Bankrupt business bosses say changes in business rates and rising labor costs could put many high street businesses at further risk from next April.
It comes after official insolvency service data showed corporate insolvency rates were rising year on year as companies also faced fragile consumer confidence.
government The number of bankruptcies this year to November was “slightly higher” than in 2024, the data showed, although it was down month-on-month.
Industry experts tell press association They expect bankruptcies to continue to rise next year, particularly in sectors such as retail and hospitality.
In 2025, a large number of brands, e.g. river islandClaire’s and Pizza Hut A major reorganization was undertaken.
Earlier this month, the fast-food chain Leon It becomes the latest chain to cut sites as part of a restructuring after being bought back by co-founder John Vincent.
Matthew Richards, co-head of restructuring and insolvency at consultancy Azets, told the Press Association they expected the recent troubles experienced by the sectors to continue next year.
He said: “The retail and hospitality sectors have seen a surge in bankruptcies and inquiries over the past three months as a range of toxic financial issues took their toll on businesses in these sectors.
“The increase in the national minimum wage and employers’ NI (National Insurance) earlier this year was a blow, driving up costs at a time when many businesses were struggling to stay solvent.
“With new business rates and a higher national minimum wage coming into effect from April 2026, we expect insolvency rates to rise in the retail and hospitality sectors as businesses struggle to cope with increased expenses.”
Interpath’s UK chief executive Will Wright, who oversees the process for Claire’s and TGI Fridays, agreed and highlighted the pressures on tight household budgets.
He said: “Retailers, leisure operators and hotel groups are hoping for a bit of breathing space after a painful few years.

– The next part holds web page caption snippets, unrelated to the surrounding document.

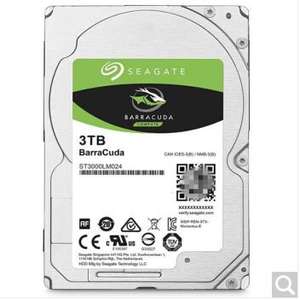 Seagate <span class=keywords><strong>3</strong></span> TB disco duro portátil de <span class=keywords><strong>2</strong></span>.5 pulgadas 5400 RPM HDD portátil 15mm espesor 128 MB (ST3000LM024) - Product Image 3
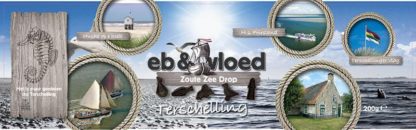 Snoepblik Terschelling Eb&Vloed zeedrop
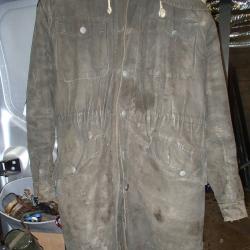 Parka allemande de la seconde guerre mondiale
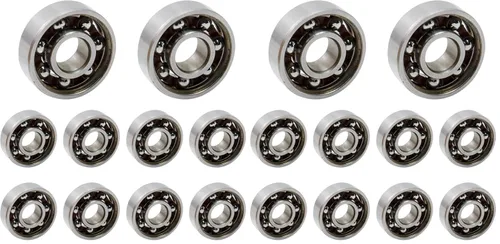 Vista 15 de Antrader Rodamiento de Acero Cromado R188 para Fidget Spinner, Rodamiento de Bolas de Ranura Profunda de Alta Velocidad, 1/4" x 1/2" x 3/16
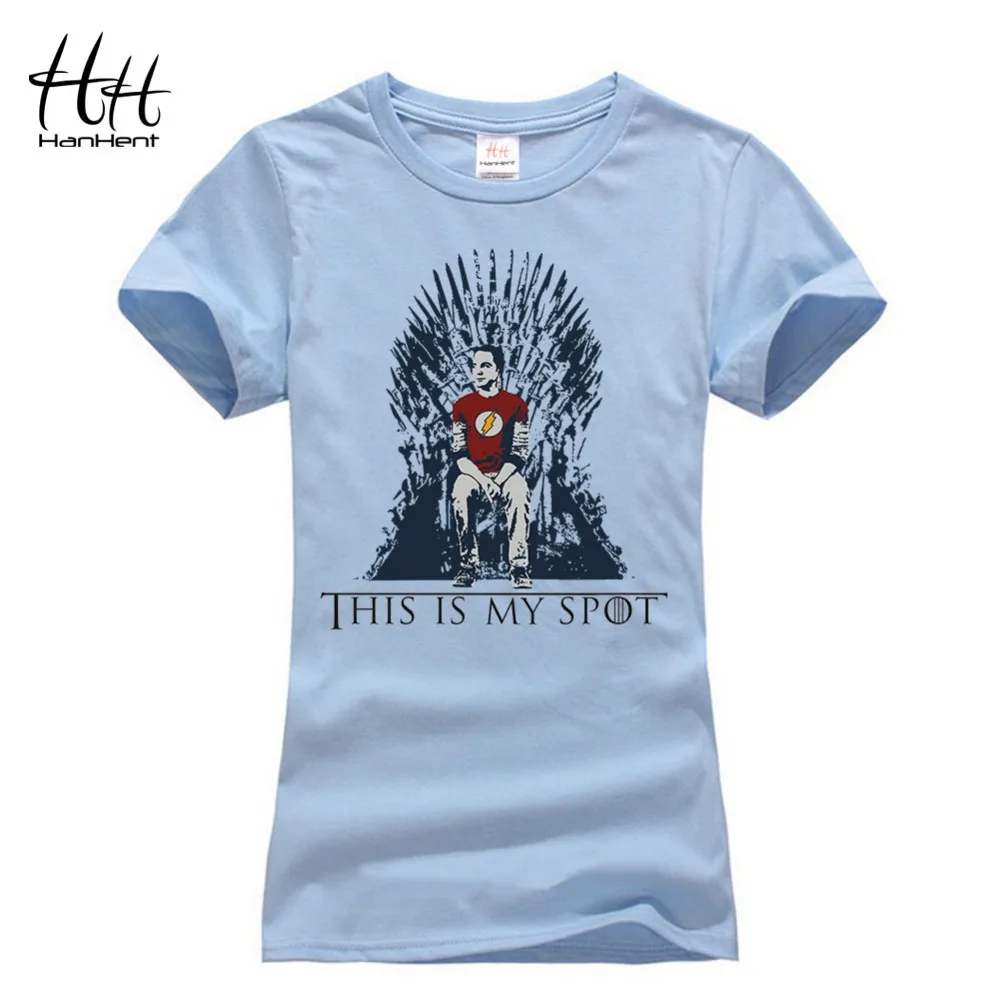 Мода сообщаем Теория Большого Взрыва футболка Для женщин Шелтон женщина Sexy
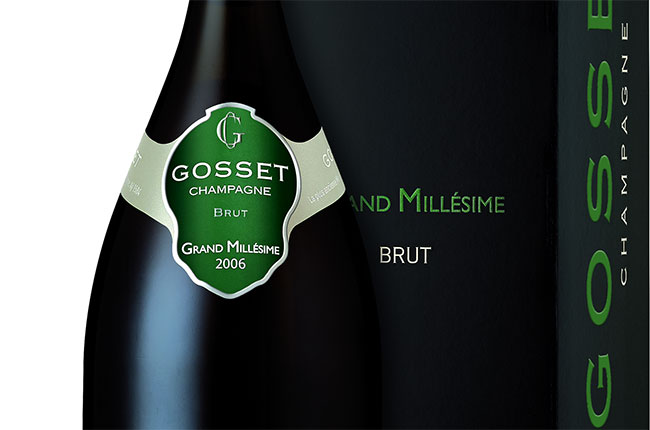 Gosset Grand Mill&eacute;sime 2006, Decanter competition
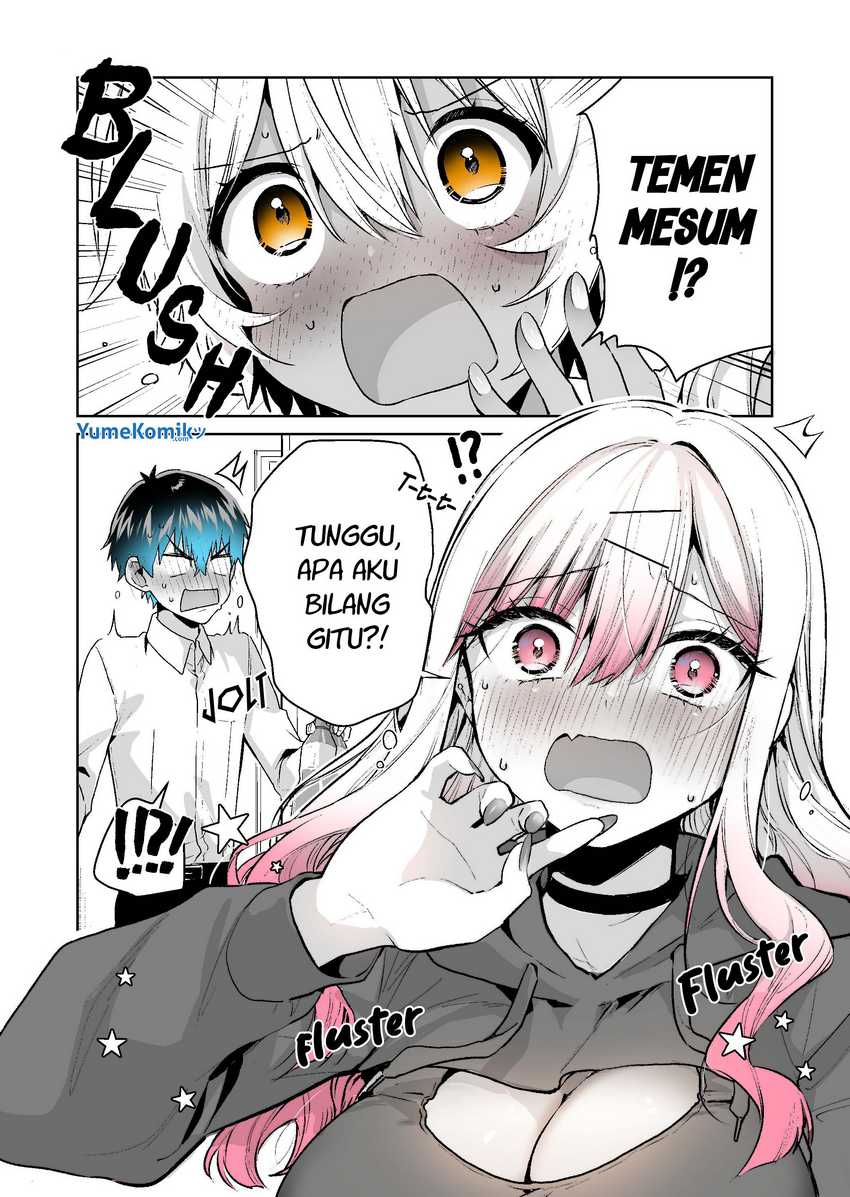 Gyaru Gamer Homeraretai Chapter 34 Gambar 17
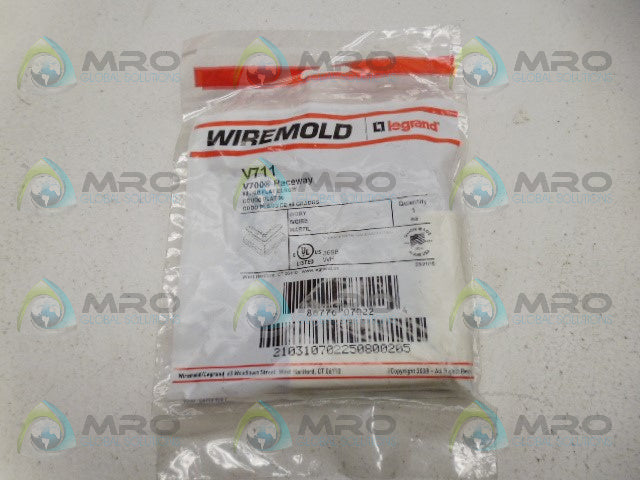 LEGRAND V711 ELBOW *NEW IN FACTORY BAG*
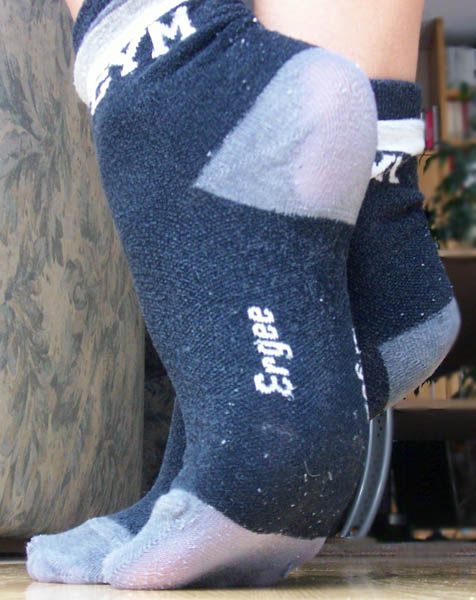 Schmutzige Socken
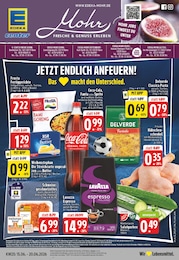 EDEKA Prospekt für Bonn mit 25 Seiten EDEKA Prospekt für Bonn: "Aktuelle Angebote", 25 Seiten, 15.06.2026 - 20.06.2026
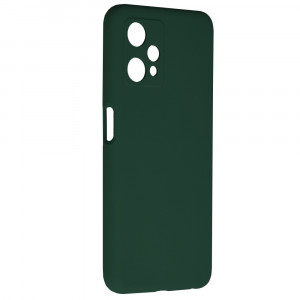 Husa telefon Realme 9 5G / Realme 9 Pro - Techsuit Soft Edge Silicone - Dark Green - Img 2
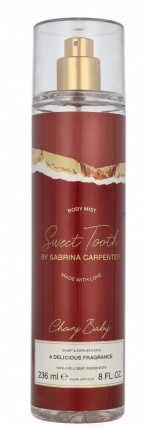 Sabrina Carpenter Cherry Baby Body Mist 236 ml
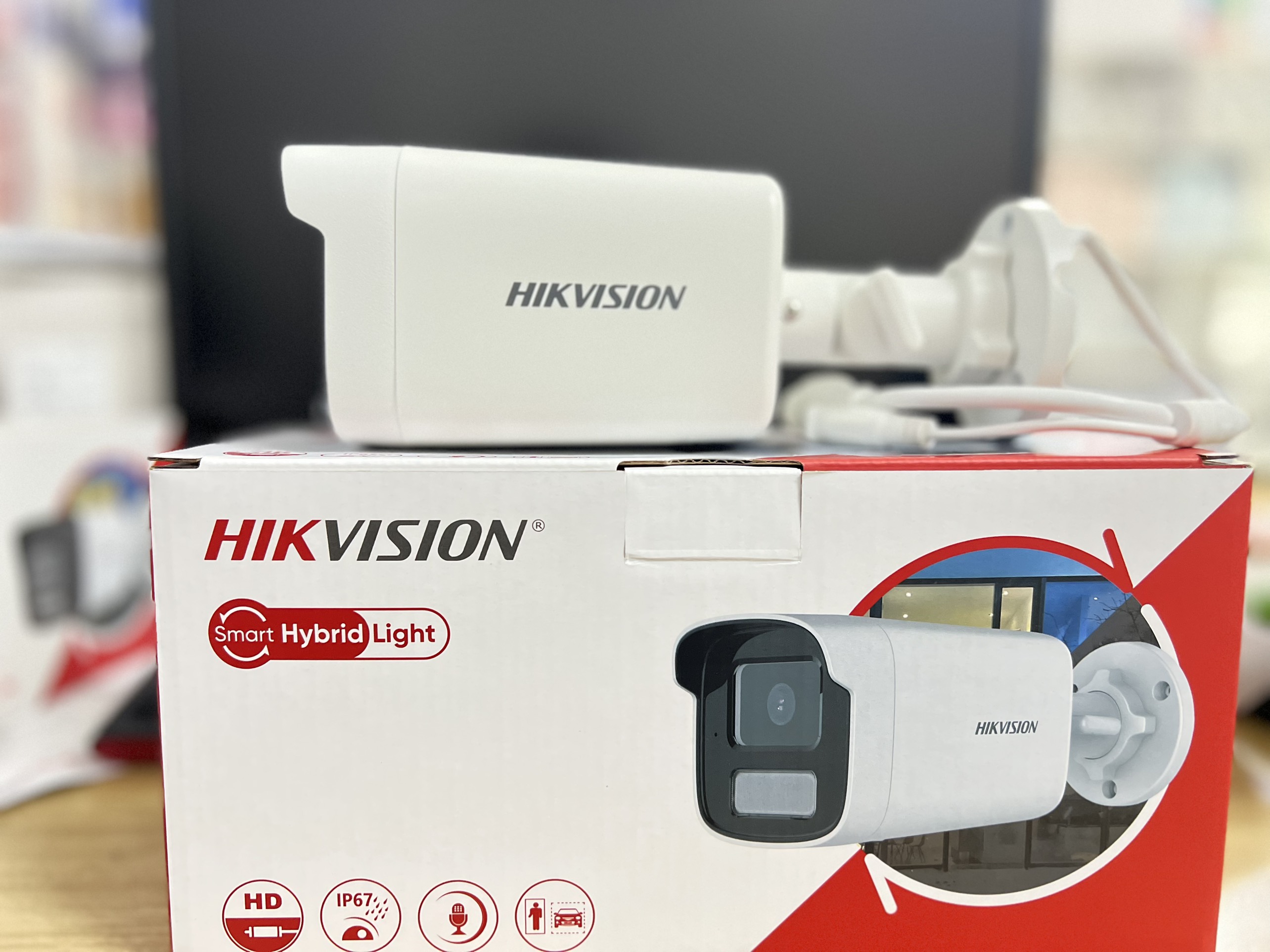 Camera IP 4MP ngoài trời HIKVISION 2CD1T41G2-LIU 2T41 (chính hãng Hikvision Việt Nam)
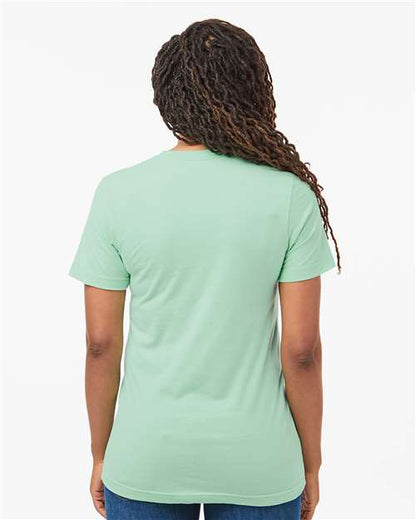 Tultex Combed Cotton T-Shirt 602 Light Mint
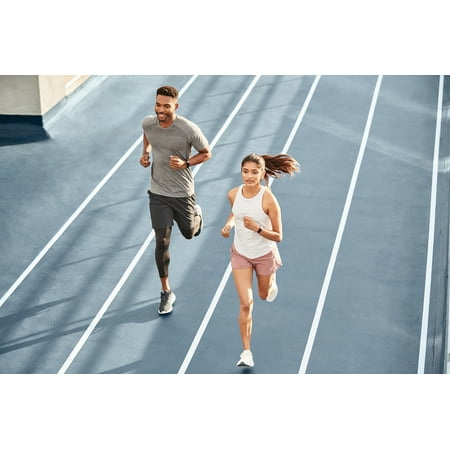 Fitbit Versa 2 Health & Fitness Smartwatch - Petal /Copper Rose Aluminum
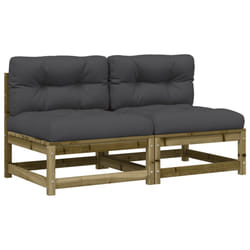 VidaXL 838092 banc de jardin Bois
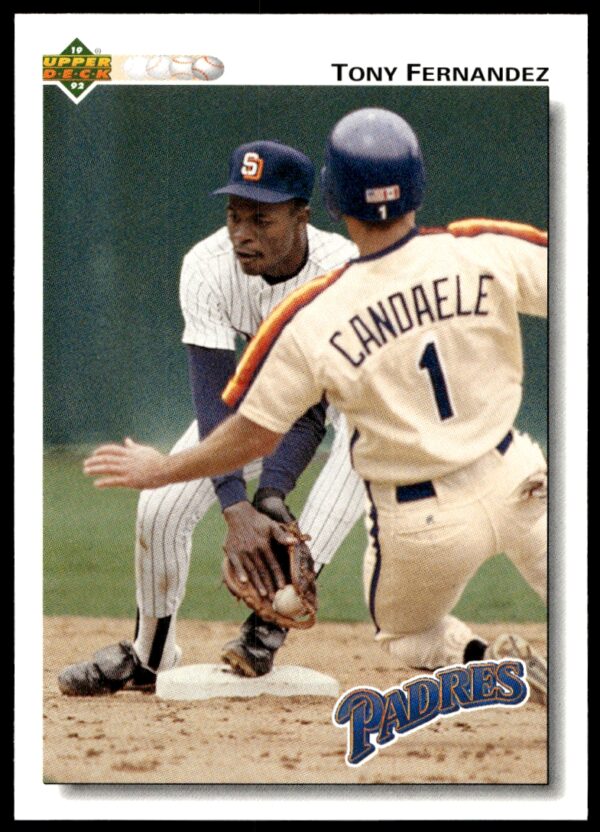 1992 Upper Deck Tony Fernandez #272 (Front)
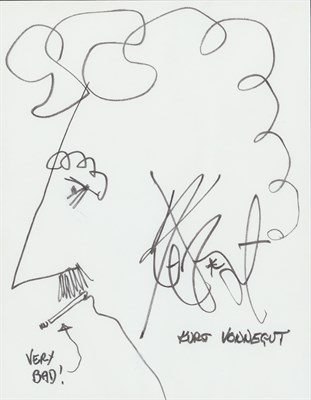 Lot 134 - Estate of Isobel Robins Konecky VONNEGUT, KURT...
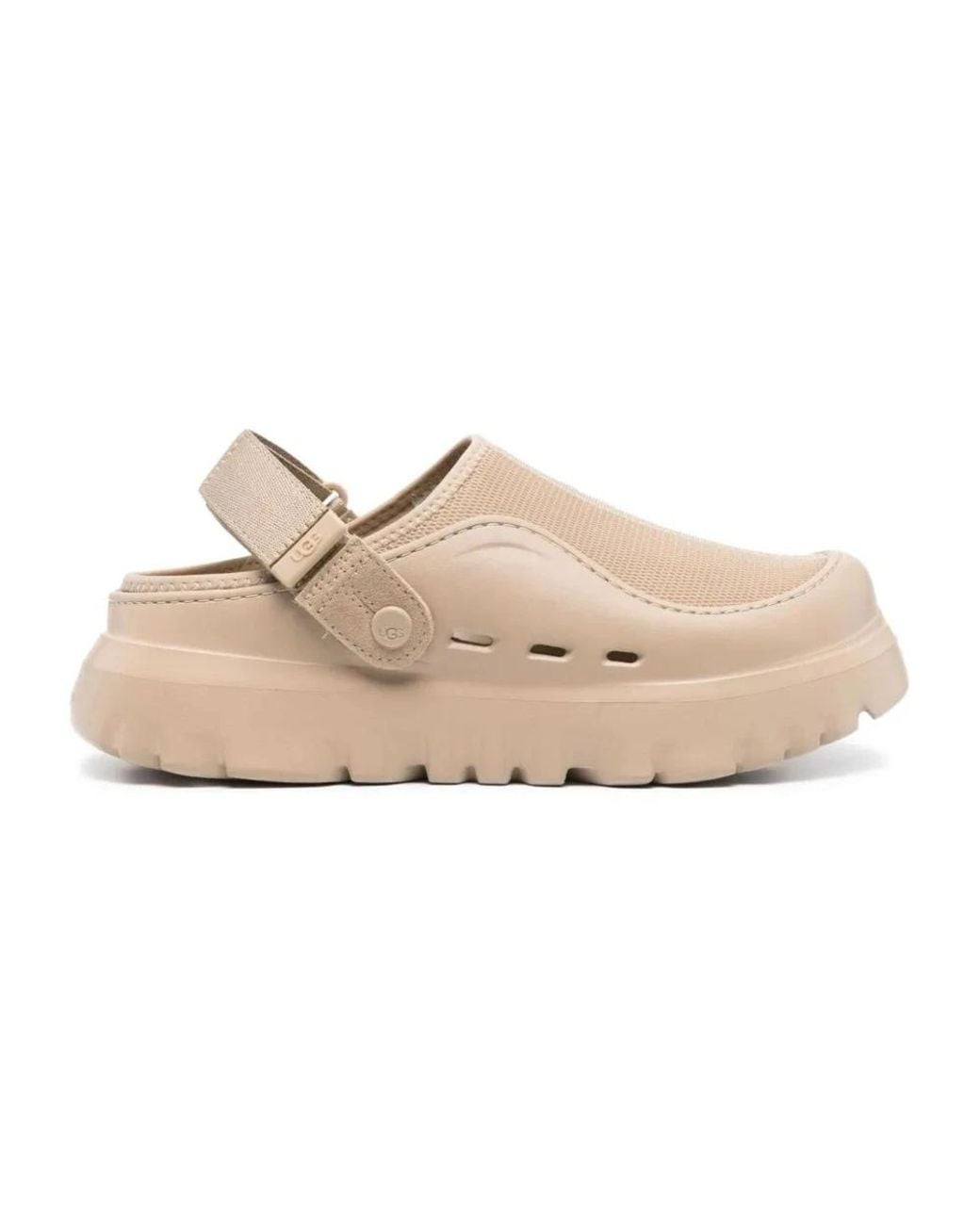 Clogs Ugg de hombre de color Natural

“Instead, rising operating costs, tighter household budgets and higher business rates mean pressures are likely to intensify as 2026 progresses.
“Against this backdrop, we do expect an increase in restructuring activity. Not a collapse, but a clear shift.”
Kroll managing director Benjamin Wiles also stressed that the “double squeeze” of consumer pressure and rising employment costs could lead to bankruptcies.
At the same time, the company also predicts that retail management may increase in 2025.
He said: “If there is one word to describe 2025, it is ‘uncertainty’.
“Tough economic conditions and delayed budgets mean many businesses have adopted a ‘wait and see’ approach.
“In contrast, 2026 will be a year of difficult decisions. Several industries are already under pressure, with retail overheads expected to be more than 7% higher in 2025 than in 2024.”